Saturday, December 20, 2008

Benjamin & Eliot

Mankind which in Homer's time was an object of contemplation for the Olympic Gods, now is one for itself. Its self-alienation has reached such a degree that it can experience its own destruction as an aesthetic pleasure of the first order. Walter Benjamin

The more highly industrialised the country, the more easily a materialistic philosophy will flourish in it, and the more deadly that philosophy will be . . . And the tendency of unlimited industrialism is to create bodies of men and women - of all classes - detached from tradition, alienated from relegion and susceptible to mass suggestion: in other words, a mob. And a mob will be no less a mob if it is well fed, well clothed, well housed, and well disciplined.
 T. S. Eliot

Saturday, December 13, 2008

from: Wyndham Lewis

Absence of responsibility, an automatic and stereotyped rhythm, is what men most desire for themselves. All struggle has for its end relief or repose. A rhythmic movement is restful: but consciousness and possession of the self is not compatible with a set rhythm. All the libertarian cries of a century ago were based on unreal premises, and impulses that are not natural to, and cannot be sustained by, the majority of men.
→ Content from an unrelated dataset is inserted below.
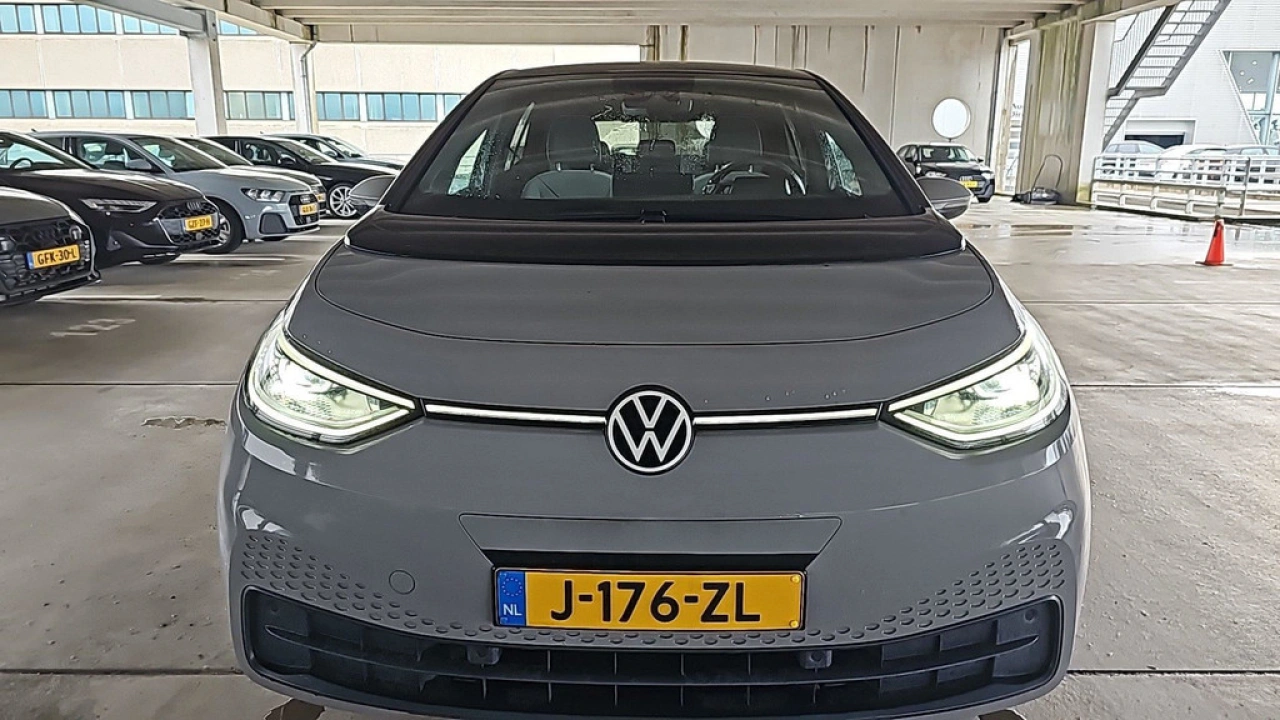 Volkswagen ID.3 First Plus 58 kWh | Navigatie | Steunhaak | Nieuw binnen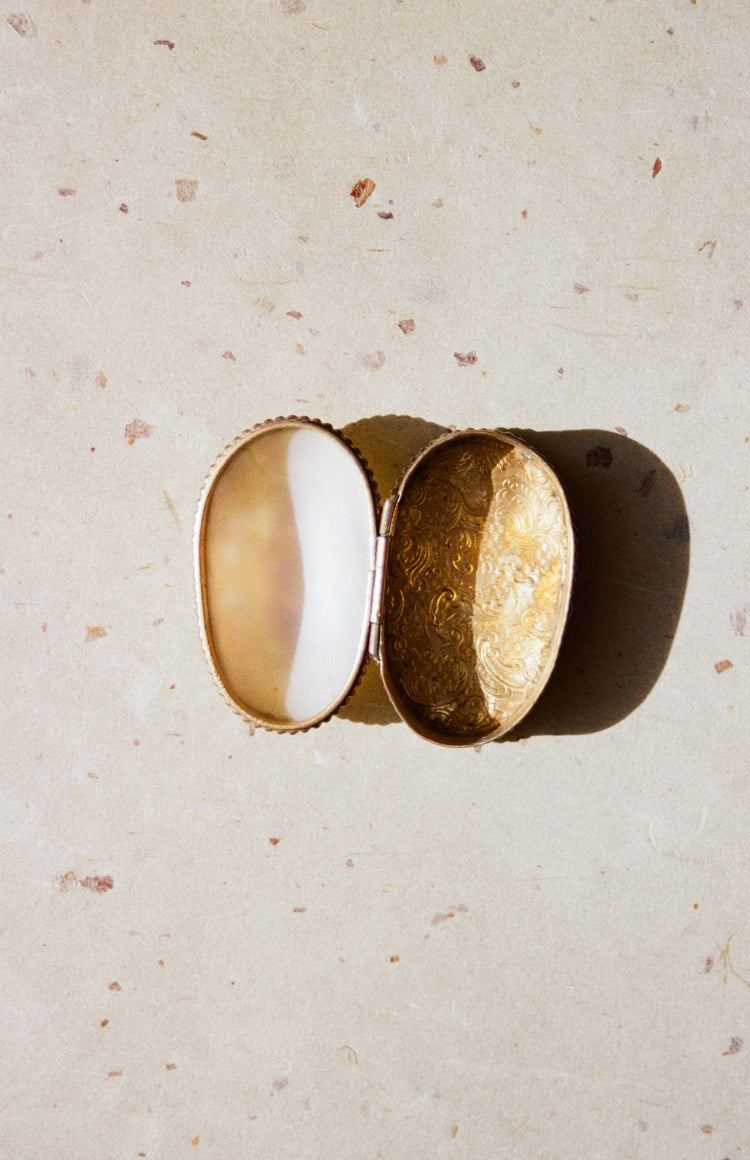Vintage Mother of Pearl Pill Box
Luxury and repose are what most men undeniably desire. They would like to be as much at rest as if they were dead, and as active and 'alive' as passivity will allow. When action is required of them they prefer that it should be 'exciting' and sensational, or else that it should have a strongly defined, easily grasped, mechanical rhythm. The essential fatigue and poorness of most organisms, and the minds that serve them, is displayed in nothing so much as in this"sensationalism". Every low-grade animal is to some extent born sadic, for that is the only way he can "feel". Sensationalism and sadism are twins. The only effort that is acceptable to many people is violent, excessive, and spasmodic action.
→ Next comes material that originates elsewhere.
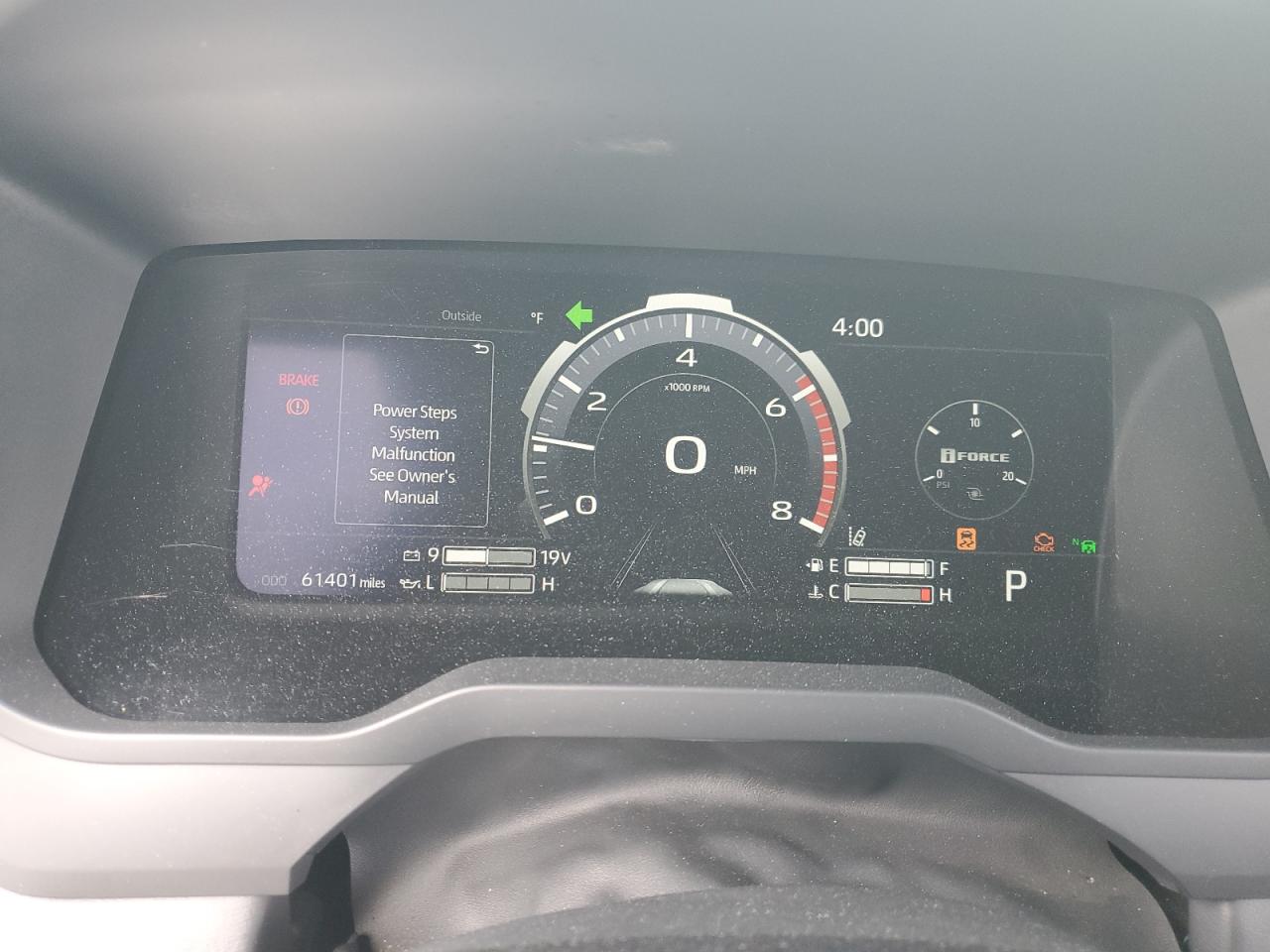 2022 Toyota Tundra - Image 9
Tuesday, December 09, 2008

from: E.M. Cioran

"And the people?" It will be asked. The thinker or the historian who employs the word without irony disqualifies himself. It is all too clear what "the people" are destined for: to suffer events and rulers' whims, lending themselves to the schemes that weaken and overwhelm them. Every political experiment, however "advanced", is performed at the people's expense, is carried out against the people: the people bear the stigmata of slavery by divine or diabolic decree. No use wasting your pity: the people's cause admits of no recourse. Nations and empires are formed by the people's indulgence of iniquities of which they are the object. No head of state, no conqueror fails to scorn the people; but the people accept this scorn and live on it. Were they to cease being weak or victimized, were they to disappoint destiny, society would collapse and with it history itself. Let us not be over optimistic: nothing in the people permits us to envision such a splendid eventuality. As they are, the people represent an invitation to despotism. The people endure their ordeals, sometimes solicit them, and rebel against them only to rush into new ones, more horrible than the old. Revolution being their one luxury, they fling them-selves into it, not so much to derive certain benefits from it or to improve their lot, as to acquire for themselves, too, the right to insolence, an advantage which consoles them for their habitual setbacks, but which they immediately lose once the privileges of chaos are abolished. Since no regime assures their salvation, the people adapt them-selves to all and to none. And from the Flood to the Last Judgment, all they can claim is to fulfill their mission honestly: to be vanquished.

Friday, December 05, 2008

from: Remy de Gourmont

"The true interest of life comes from its obscurity; it is incomprehensible, illogical and uncertain, and that is why the most fastidious love it with a gloomy passion. If the solution of the enigma was whispered in our ear at the age of reason, should we be able to go on living? Having no more uncertainty, we should have no more hope. The philosophers' phrase, "I live out of curiosity", is applicable to all lives. Certainty is a stae of annihilation. The notion of paradise is so near to that of Nirvana that Christian hapiness and Hindoo hapiness can be defined philosophically by the same word; both contain the idea of repose. All activity has uncertainty for its principle. Happiness itself, if it is presented under inevitable conditions, ceases to be desired with sufficient force to be happiness. We no longer desire the inevitable; we await it. Can happiness be seperated from the ferment, desire? Yet all men ardently desire certainty; they desire it to a mad extent; they forget all the enjoyment, all the shades, all the charms of the present to hold out their arms and their foreheads towards a cold idol with an empty belly. Perhaps, if the time is favourable, they can thrust their hands into the hole bored out by the multiple contact of blind wills; and then what? Is it certitude to touch a stone, wood, or a wound? Without submitting to views of finality, we may suppose that if certainty is a state of inaction, the mania for certitude on the contrary is a principle of action. Truth is only a statue of shadow, but to reach it man takes a thousand troubles one of which perhaps is fertile. This is only a risky hypothesis, for few human creatures are fitted to utilise an abstract principle as a lever, and that is very fortunate. Every time abstraction has become the guide of humanity, civilization has deviated, has sunk, has despised life to exalt a celestial glow, to adore a star, an idea, a nothing."